In your copy, leave out the pictures; write out all the data exactly.

◆ Information supplied:
• • • • •

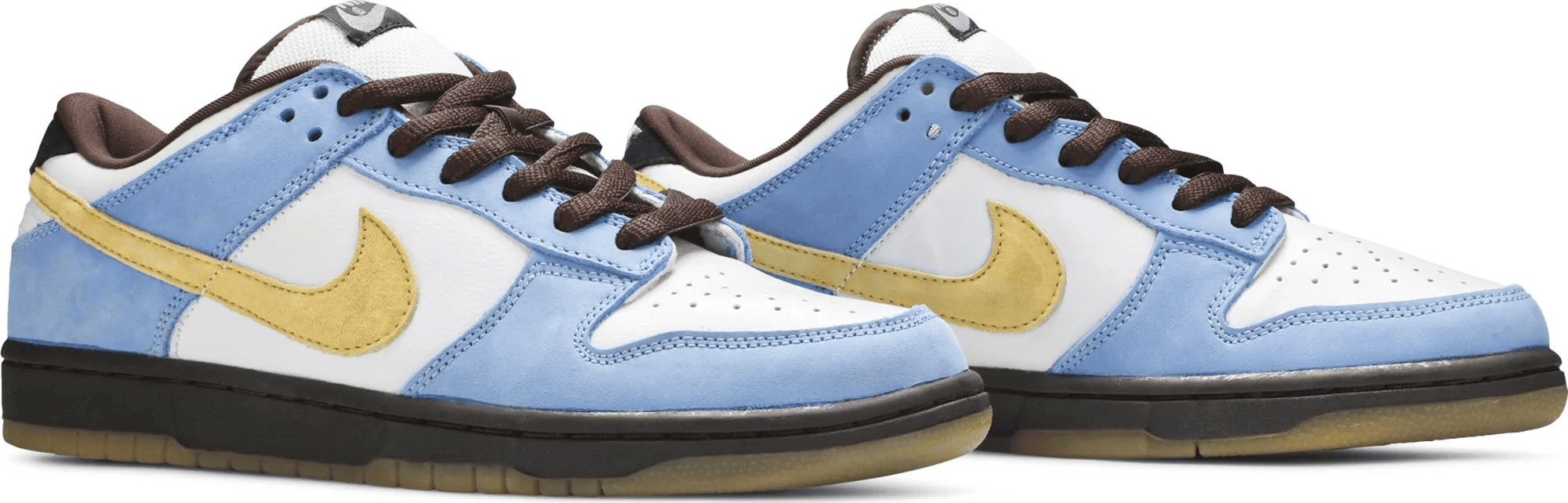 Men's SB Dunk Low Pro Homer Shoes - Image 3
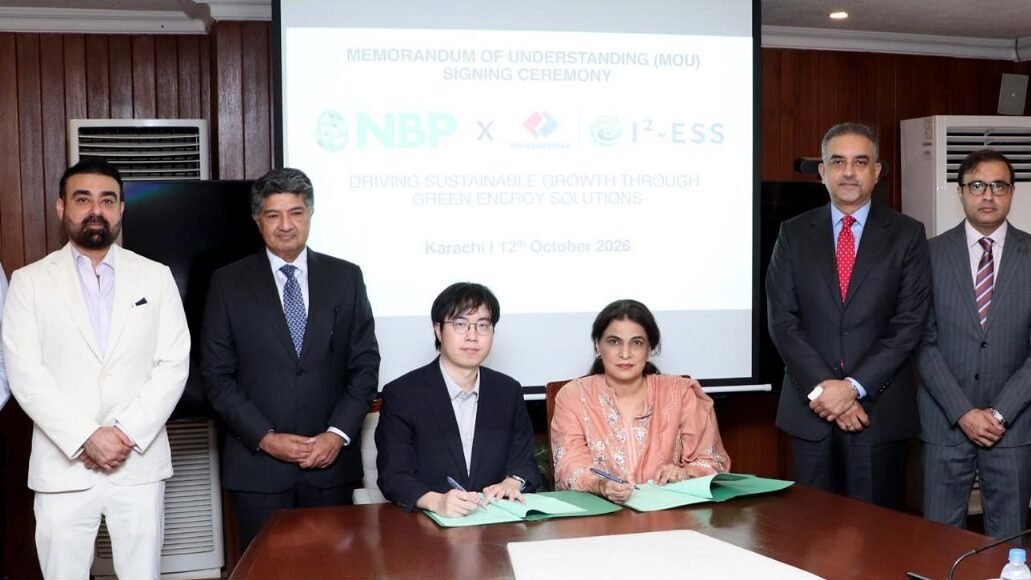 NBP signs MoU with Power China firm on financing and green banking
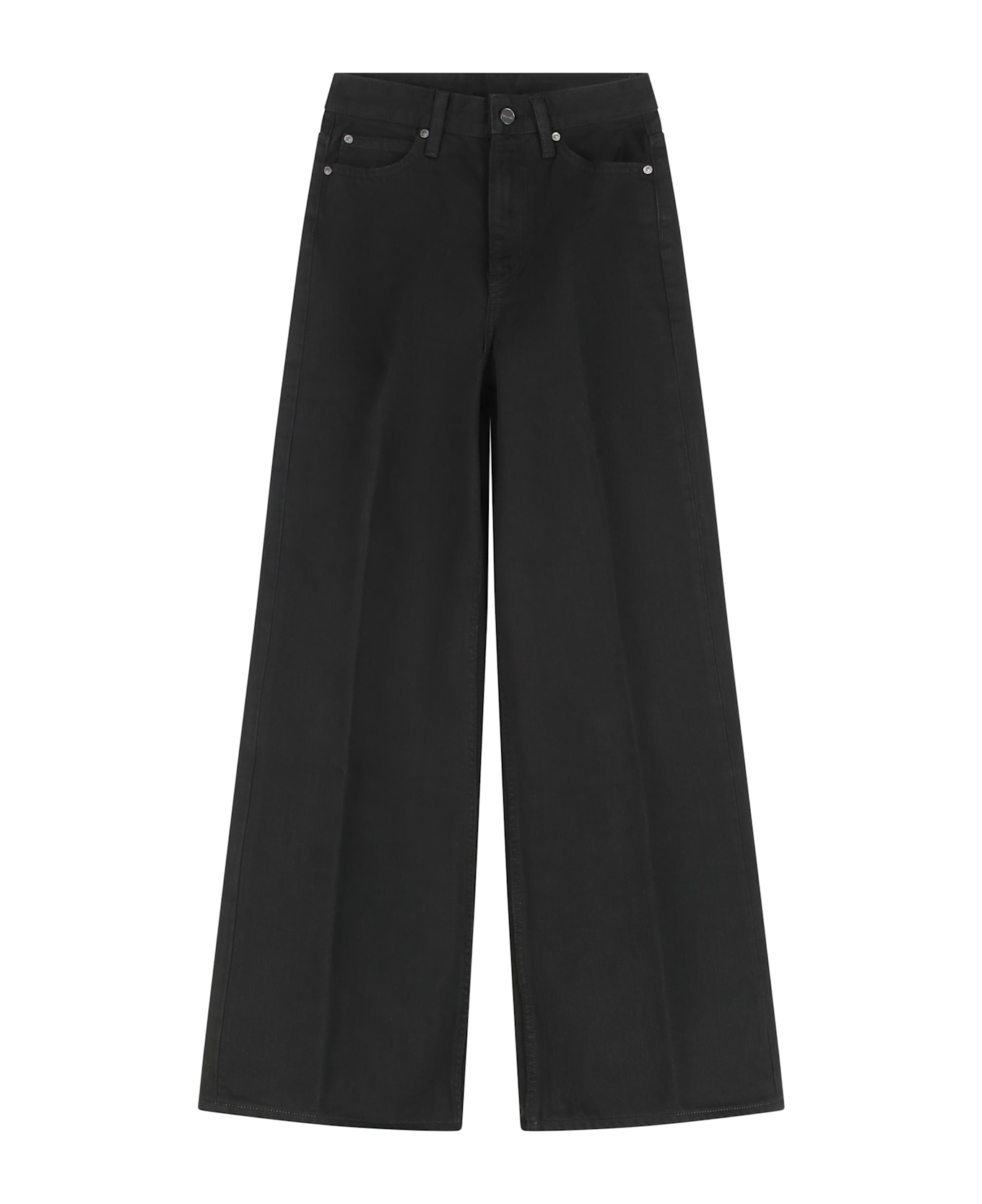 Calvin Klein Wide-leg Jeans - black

• • • • •

◆ Response to this exercise:
 Men's SB Dunk Low Pro Homer Shoes - Image 3
 NBP signs MoU with Power China firm on financing and green banking
 Calvin Klein Wide-leg Jeans - black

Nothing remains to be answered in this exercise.